Nonetheless, and even with today’s increased life expectancy, there’s no doubt that Biden’s age will be an issue. A younger, dynamic Republican opponent – for example, a Ron DeSantis (aged 44) or a Tim Scott (57) – could offer a striking contrast, as could potentially a Democrat primary challenger. But the latter seems unlikely (anti-vaxer Robert Kennedy and mystic Marianne Williamson are the only ones to step forward so far), and the chance of the former also seems to be diminishing.
Faced with what looks like a promising opportunity, the Republicans are heading towards again shooting themselves in the foot (or perhaps somewhere more fatal) by nominating Trump, who has been doing all he can to become even less electable than he was when he lost to Biden last time by seven million votes. This morning’s betting odds have him at two to one on; DeSantis at 11-4 is the only other option given a serious chance (Nikki Haley is next at 22-1).
We noted last month how DeSantis’s momentum seemed to have stalled, returning Trump to favoritism. That trend has accelerated since, despite – or possibly because of – his arrest three weeks ago on charges of falsifying records to cover up payments of hush money. The graph at Maxim Lott and John Stossel’s betting aggregator is especially remarkable, showing the implied probability of his nomination trebling since the beginning of the year.
But there’s a long way to go. No-one gets to vote on the candidates until the Iowa caucuses, still nine months away. It’s true that even at this stage the polls are normally quite a good indicator, but Trump, to state the obvious, is not a normal candidate. It’s still possible for something, such as his indictment on much more serious charges than those already filed in New York, to break through the insouciance of Republican voters.

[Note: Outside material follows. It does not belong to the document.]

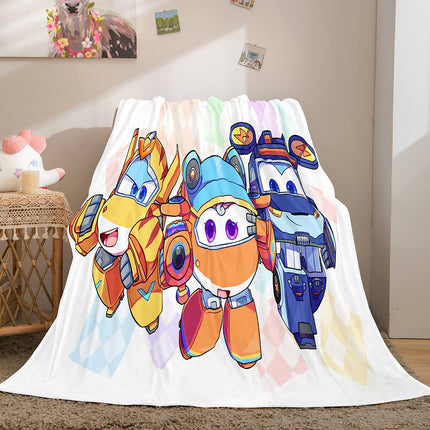 Super Wings Flannel Fleece Throw Blanket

It might not happen, and even if it does it doesn’t follow that DeSantis will be the beneficiary. His strategy is based on Trumpism without Trump, not necessarily an easy sell: why go for the copy when you can have the real thing? As David Brooks argued last month, it might make more sense for Trump’s rivals to rally behind someone who offers clearer differentiation, such as Scott or Virginia governor Glenn Youngkin.
Biden is vulnerable on many fronts, but they are not the fronts that Trump wants to talk about. He has no interest in pursuing the president on inflation or infrastructure or foreign policy – he only wants to talk about himself and his imaginary grievances. On that basis, Biden appears to have his measure.
Perhaps this week’s announcement will concentrate the minds of the Republican leaders and set off a serious anti-Trump push. Or perhaps they will again fail the test, and Trump will take the party down with him.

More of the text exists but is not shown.